A similar bill to Florida’s “Don’t Say Gay” was signed into law in Alabama, banning queer- inclusive teaching through the fifth grade with the addition of regulating the bathroom and locker-room usage of students based on one’s gender assigned at birth.   

“I find this to be a safety issue. It is for the protection of our students,” Alabama State Rep. Scott Stadthagen told ABC News in regard to bathrooms and locker rooms. Of course, this statesman doesn’t seem to care about the safety or protection of trans students who are left with the bullying and harassment many deal with in school.

Instead, his ilk seem so concerned with humiliating and harassing trans youth that they’ve also passed a bill criminalizing medical providers for gender-affirming care of trans people under the age of 18. Prescribing hormones to a trans kid can lead to felony charges with 10 years in prison and a $15,000 fine, per Kiara Alfronseca writing for ABC News.
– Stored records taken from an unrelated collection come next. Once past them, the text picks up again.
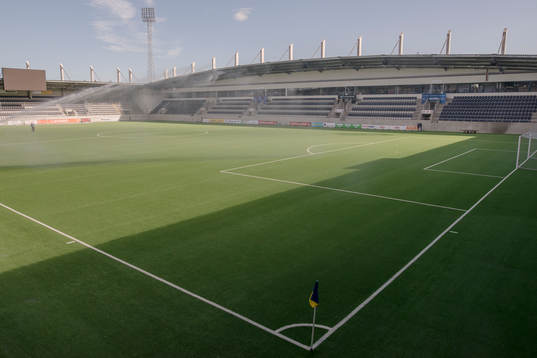 Vattenspridaren på planen före fotbollsmatchen i
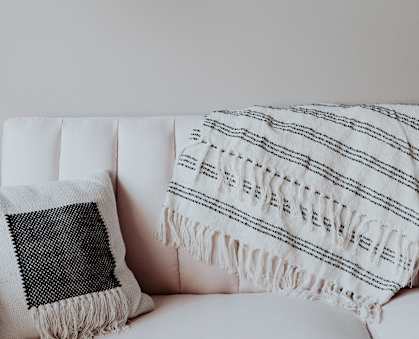 a white couch with a black and white throw pillow
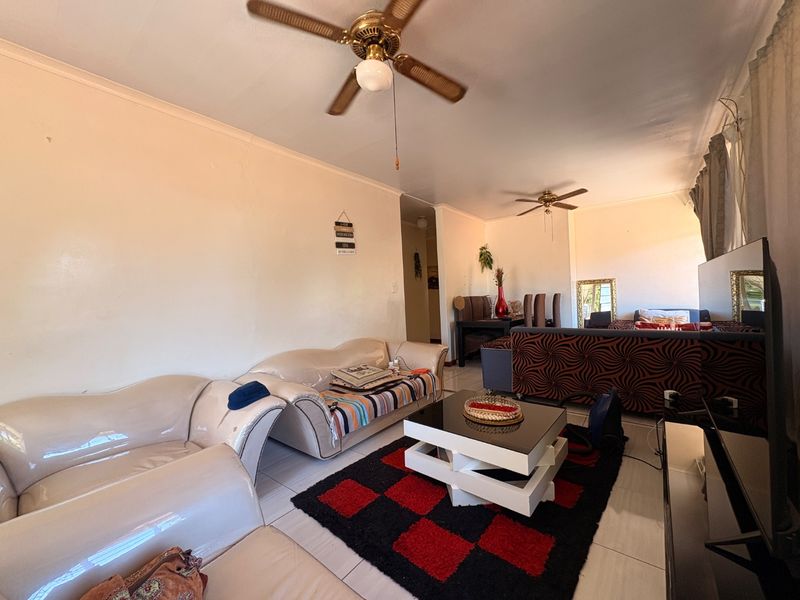 A spacious living room featuring tiled flooring, coved ceilings, and dual ceiling fans, offering a functional layout for comfortable family living.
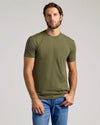 Young man in olive-green tee from The Versatile Crew 9-Pack.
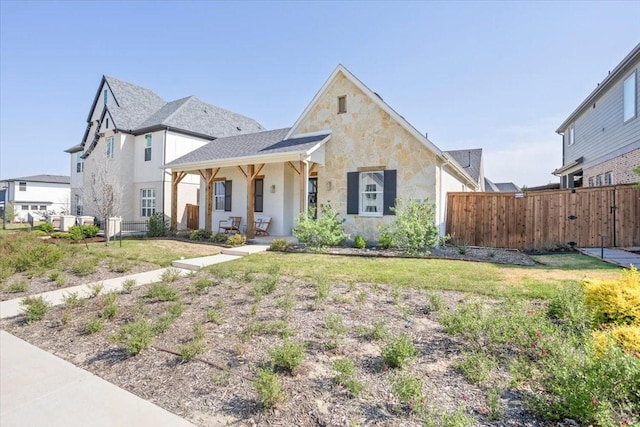 14405 Walsh Ave, Fort Worth, TX 76008 - view of front of home featuring fence, stone siding, and stucco siding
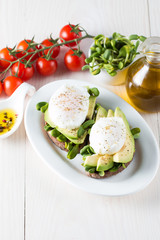 Avocado toast, cherry tomato on wooden background. Breakfast with toast avocado, vegetarian food, healthy diet concept. Healthy sandwich with avocado and poached eggs.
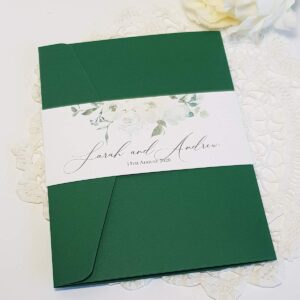 green and white pocket invitation with a bellyband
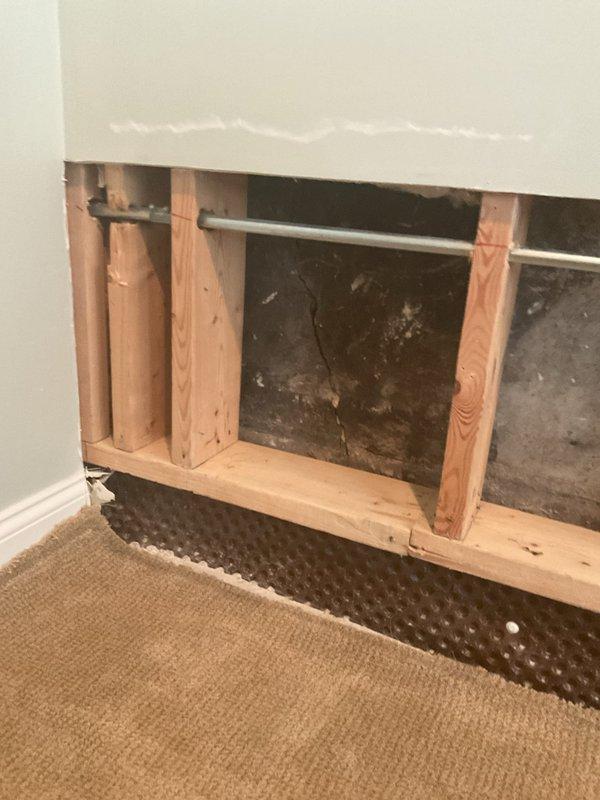 Completed sump pump installation in basement area with pre-ordered parts. Removed section of drywall to access wall cavity, exposing wooden studs and existing plumbing infrastructure. Installed dimpled drainage membrane and waterproofing barrier at base of wall cavity to direct water flow toward sump pump location. Documented equipment specifications and installation progress with detailed photography for service records.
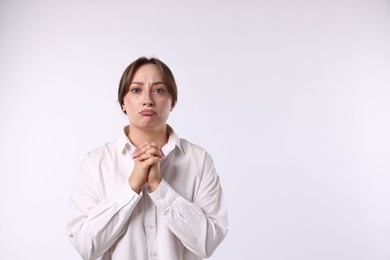 Photo of Woman apologizing on white background. Space for text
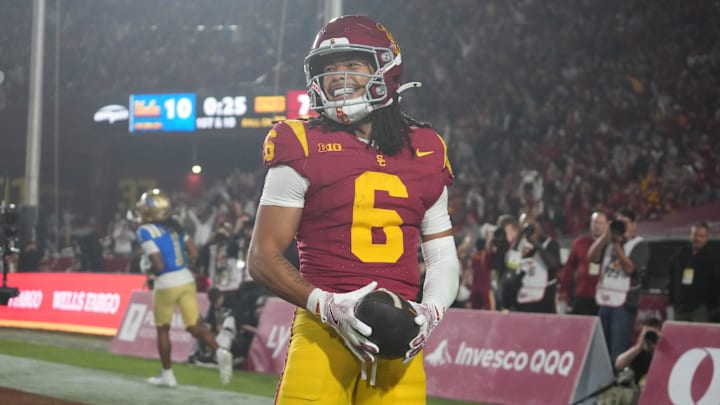 Nov 29, 2025; Los Angeles, California, USA; Southern California Trojans wide receiver Makai Lemon (6) celebrates after catching a 32-yard touchdown pass against the UCLA Bruins in the second half at United Airlines Field at Los Angeles Memorial Coliseum. Mandatory Credit: Kirby Lee-Imagn Images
This criminalization of gender-affirming care is not unlike recent legislation attacking abortion access, criminalizing both providers and recipients with near-total bans. Such legislation is an affront to the self-determination and bodily autonomy that are an absolute requirement if we are to have freedom, gender equity and gender justice. 
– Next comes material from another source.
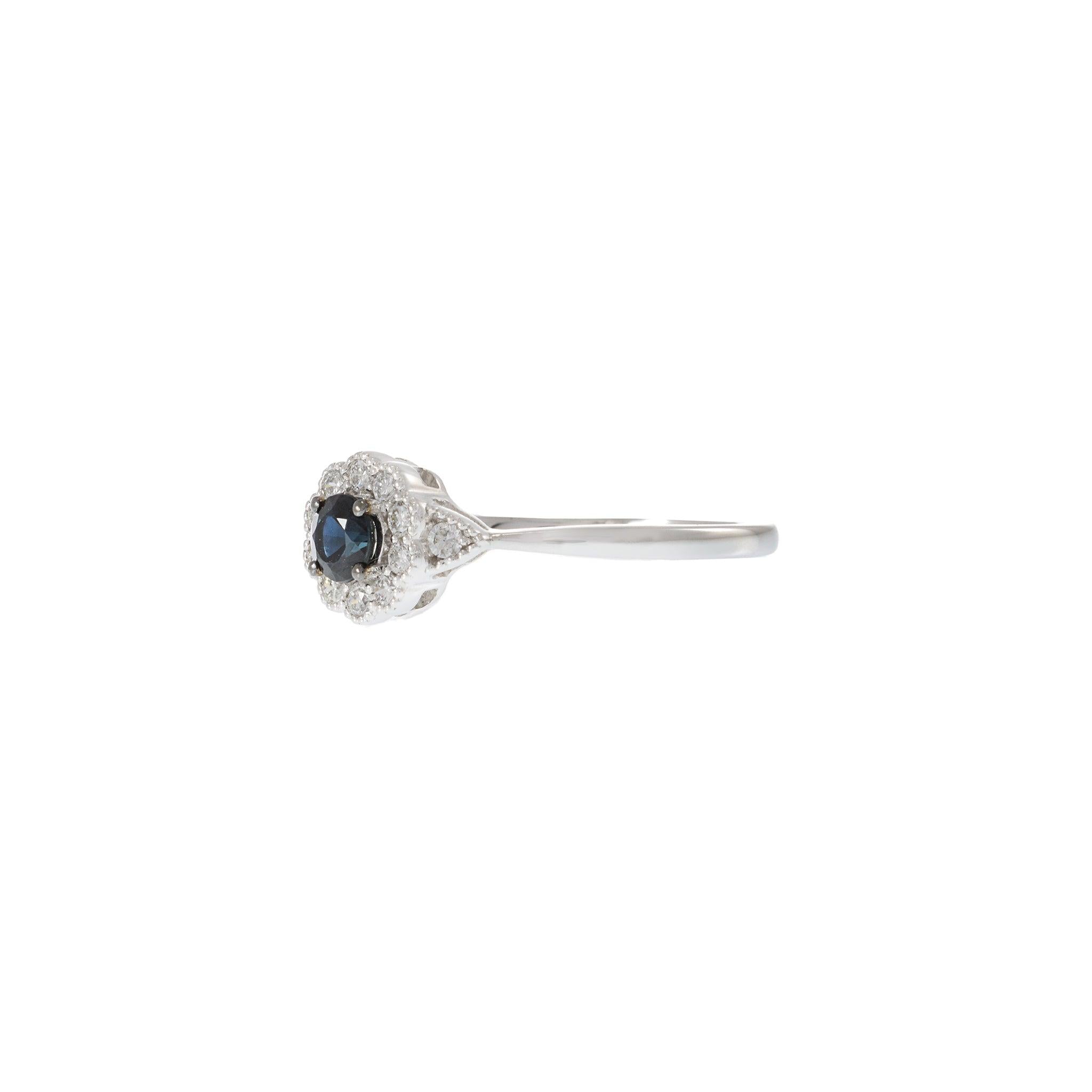 14KT White Gold Round Cut Diamond and Sapphire Flower Ring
Even with students walking-out in protest and court challenges to these styles of laws, this gross legislation is spreading. Louisiana, Ohio and Texas all have lawmakers pushing “Don’t Say Gay” bills.

Why are republicans pursuing this strategy?
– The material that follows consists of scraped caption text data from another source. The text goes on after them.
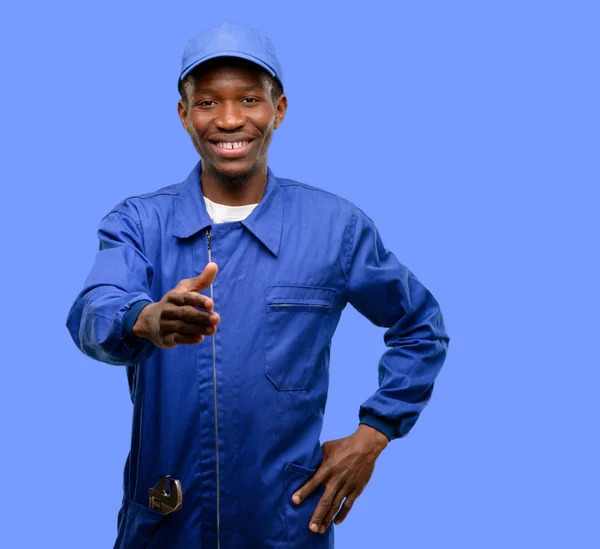 African black plumber man holds hands welcoming in handshake pose, expressing trust and success concept, greeting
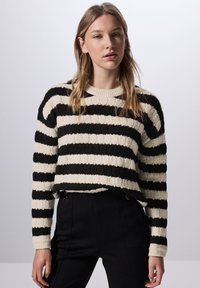Gestreifter Pullover in Schwarz und Creme mit strukturiertem Strickdesign. Verfügt über einen runden Halsausschnitt und lange Ärmel, kombiniert mit schwarzen Hosen.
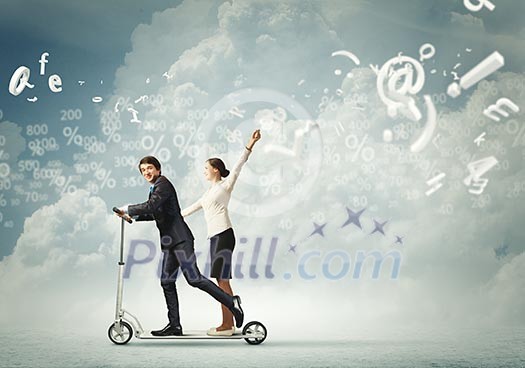 Image of young happy businesspeople riding scooter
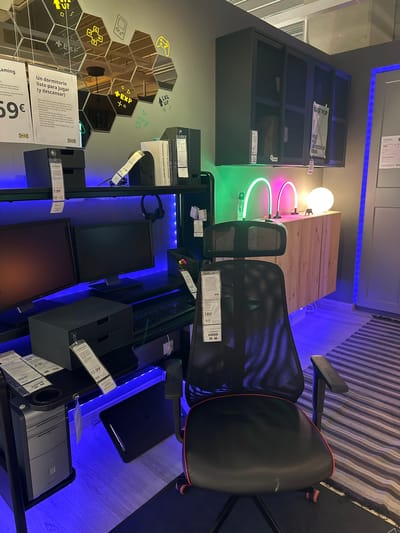The image shows an IKEA gaming room setup in Siero, Spain. The room features a black computer desk with two monitors, a keyboard, a desktop computer tower, and a black mesh gaming chair with red accents. Blue LED strip lights are installed under the desk and behind the monitors, creating a vibrant atmosphere.

On the wall behind the desk, there is a hexagonal mirror art piece with yellow gaming-themed icons, including a plus sign, a gamepad, and game-related text like "LVL UP" and "PLAY GAME". Above the desk, a dark grey cabinet with mesh doors is mounted on the wall. A poster for Iggy Pop's "Post Pop Depression Tour" is hanging on the cabinet.

To the right of the desk, a wooden cabinet with three doors is positioned against the wall. Two curved neon lights, one green and one pink, are placed on top of this cabinet, along with a spherical white lamp. The floor is covered with a light-colored wooden laminate and a striped rug.

Several price tags are visible throughout the scene, indicating that this is a retail display. For example, a tag on the gaming chair reads "189€". Other tags mention prices like "7,99€" and "12,99€". The overall impression is a modern, digitally-inspired gaming environment designed for comfort and style.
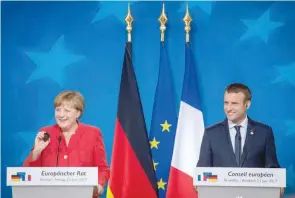  ?? — AFP ?? German Chancellor Angela Merkel and French President Emmanuel Macron give a joint press conference following the European Union leaders summit on Friday.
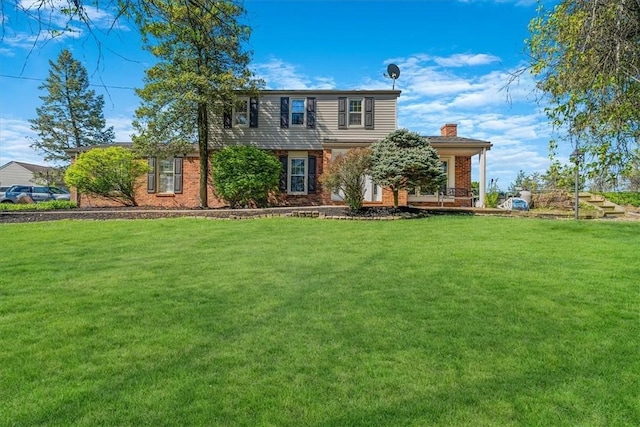 1202 Oakridge Rd, South Fayette, PA 15057 - view of front of house with a front lawn, a chimney, brick siding, and a porch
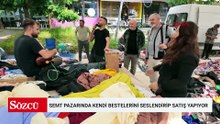 Semt pazarında kendi bestelerini seslendirip satış yapıyor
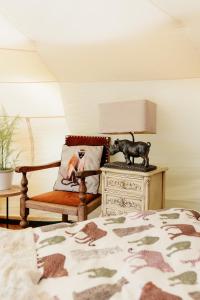 a bedroom with a bed and a lamp and a chair at Wild Retreat in Cawston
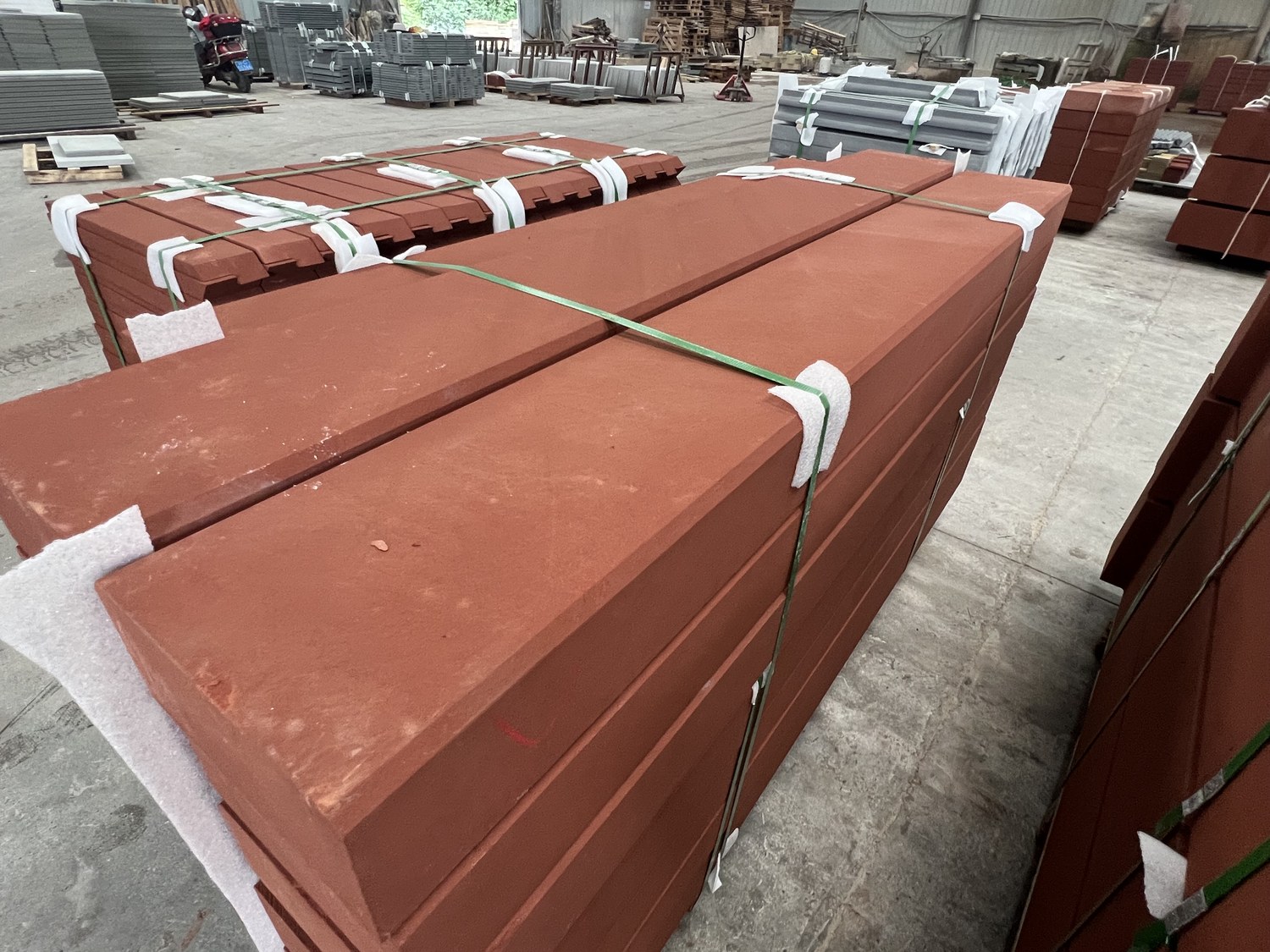 Large red sandstone kerb and coping units with a grooved anti-slip profile, strapped and packed for shipping in a factory yard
What’s driving the Republican party in their anti-abortion and anti-queer mania? While part of the Right’s agenda is certainly drumming up electoral support, it seems equally important to them to resist the feminist left and maintain misogynistic gender roles and family norms.

Eric Maroney lays out such an argument in Tempest Magazine, where he goes on to explain the nature of the alt-right, the apparent political vanguard of the Republican party. “Members of this group are profoundly animated by anti-feminism and view the erosion of gender roles as a primary cause of Western degeneration.” 

Legislating the white, middle-class, fairy tale nuclear family of the 1950s back into dominance and prosperity seems to be an actual goal for these people, not just an election strategy. Maintaining strict gender roles and norms would be part of this approach.

Another part is questioning the very intelligence and autonomy of women. While attacking abortion directly affects all people who can get pregnant, I think the Right is specifically questioning cis women’s ability to run their own lives, with the conclusion being their subordination in the home.

Capitalism’s need for gendered oppression

It’s not just that I think these lawmakers and their Right-wing base are misogynistic transphobes, but the very system of capitalism has an internal pressure to encourage and maintain the oppressive status quo.

Marxist feminists have demonstrated the role of the care economy in capitalism as foundational to the system, see Tithi Bhattacharya’s book Social Reproduction Theory: Remapping Class, Recentering Oppression. This is both private and unpaid, like raising children, doing the laundry, or caring for the elderly, as well as paid work like teaching the next generation of workers or working in a hospital. 

The gendered nature of this work under capitalism is part of what allows for the high level of exploitation in the care economy.  In 2020, Gus Wezerek and Kristen R. Ghodsee reported, “if American women earned minimum wage for the unpaid work they do around the house and caring for relatives, they would have made $1.5 trillion last year.” 

While our ruling elites benefit from this organization of society, the sexism, gender binary, and heteronormativity needed to maintain it spills over into every facet of society. From rape culture to virulent misogyny in gaming communities to the astounding murder rate of trans people of color, our society is steeped in such bigotry.

Such dynamics have important intersections with race, class, ability, and other identities. The task is to confront the Right on every front and put forward left-wing alternatives while condemning capitalism and oppression rather than the scapegoating the Right represents.